When the U.S. Constitution was ratified, the framers specifically left the power of health, safety and welfare with the states, McDaniel said.

“Nowhere in there does it give that power to the federal government,” he said. “So, the president can’t say, ‘I’m telling you, you all have to reopen.’ I think he must have had a realization at some point, from saying he had absolute power, to saying it’s up to the states to do so. He realized that he doesn’t have that power.”

And that broad power falls on the governors as long as they can show that their orders “serve a compelling governmental interest.”

“The state legislature has given the governor very broad powers,” he explained. “Very broad powers, in times of emergency. And under the Michigan Emergency Management Act, the governor can declare an emergency and then take some of these powers … and she can exercise those powers for a period of 28 days. Which is exactly what she’s doing.”

He then explained some of the power outlined in the Emergency Management Act.

“It specifically talks about such things as controlling ‘ingress and egress to and from a stricken or threatened area, removal of persons in the occupancy of premises,'” he noted. “So there’s a strong, very strong and broad power, the way it’s worded, given to the governor by the legislature. Bottom line is, she has these powers. You can make an argument … you can sue the governor for declaratory relief, a federal court, or a state court could declare that a certain law is unconstitutional, and if they do so, then you could enjoin its enforcement. That’s what, I think, some of the lawsuits are trying to do. You certainly don’t get damages and such, for doing so.”

Regarding a lawsuit of this nature, McDaniel said to be successful, only two routes are possible.

“Either you have to demonstrate that the governor, himself or herself, has gone broader than the power given them by the legislature, which, given that broad language, is very, very difficult to do,” McDaniel explained. “Or you have to say that the law itself was unconstitutional … which I think is impossible to do, given the facts so far.”
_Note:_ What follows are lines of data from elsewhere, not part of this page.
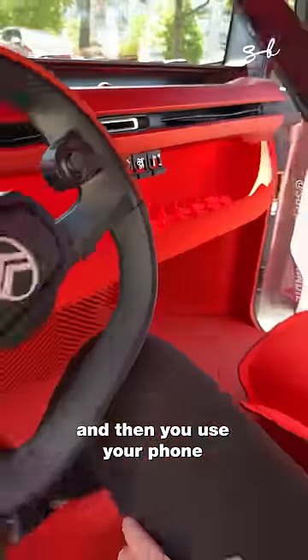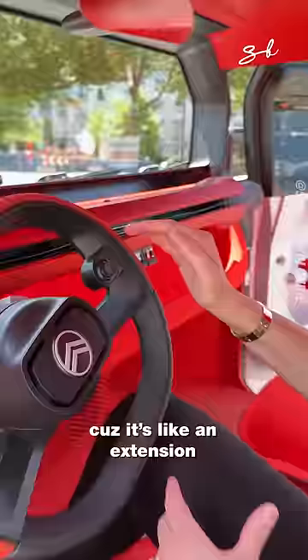And then you use your phone to power the car, of course, because it's like an extension of the human now, right? Third arm.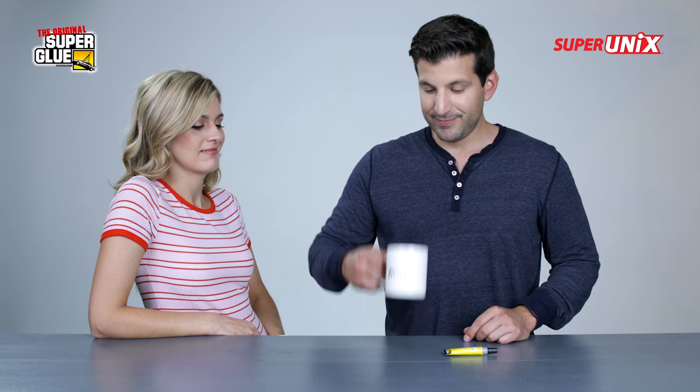There we go. So that's your favorite mug? Have you seen the bottom of it?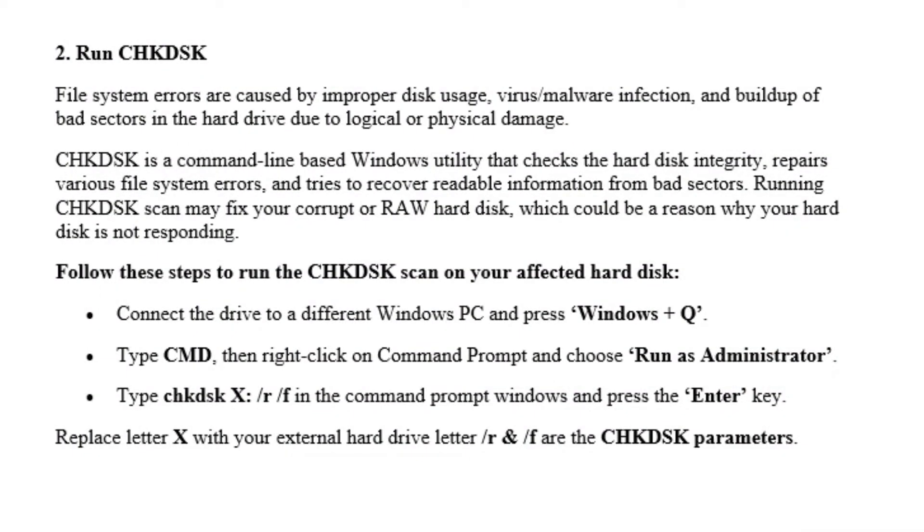Moving on to the second method: running a CHKDSK. This is a command line based Windows utility that checks hard drive disk integrity, repairs various file system errors, and tries to recover readable information from bad sectors. Running this scan may fix your corrupt or raw hard disk, which could be the reason your hard disk is not responding.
McDaniel went on to add that the government can still infringe upon a constitutional right if necessary, but only if it is for the greater good. In the case of COVID-19, the greater good is protecting residents from the disease.

Richard E. Levy, Distinguished Professor of Constitutional Law at University of Kansas School of Law, pointed to the interest of public health during a pandemic.

He said that while a ban on public gatherings seems to violate the right to peaceably assemble, a court may require the state to provide information proving that it is “necessary to serve a compelling government interest.”

“Certainly preventing the spread of a debilitating and deadly disease is a compelling governmental interest, and there is ample evidence that this danger is real,” Levy said. “A key question would be whether there are alternatives that would be less restrictive or burdensome on the right of assembly.”

He added that adding the requirement of masks and distancing may be a sufficient measure without creating a burden on the right to assemble, but that certain arguments would not hold up in court.

“A further general point would be that courts would likely not be persuaded by arguments that the virus is a hoax,” he said, “that it is not really dangerous, or that it is better to let people get sick and die than it is to limit public gatherings.”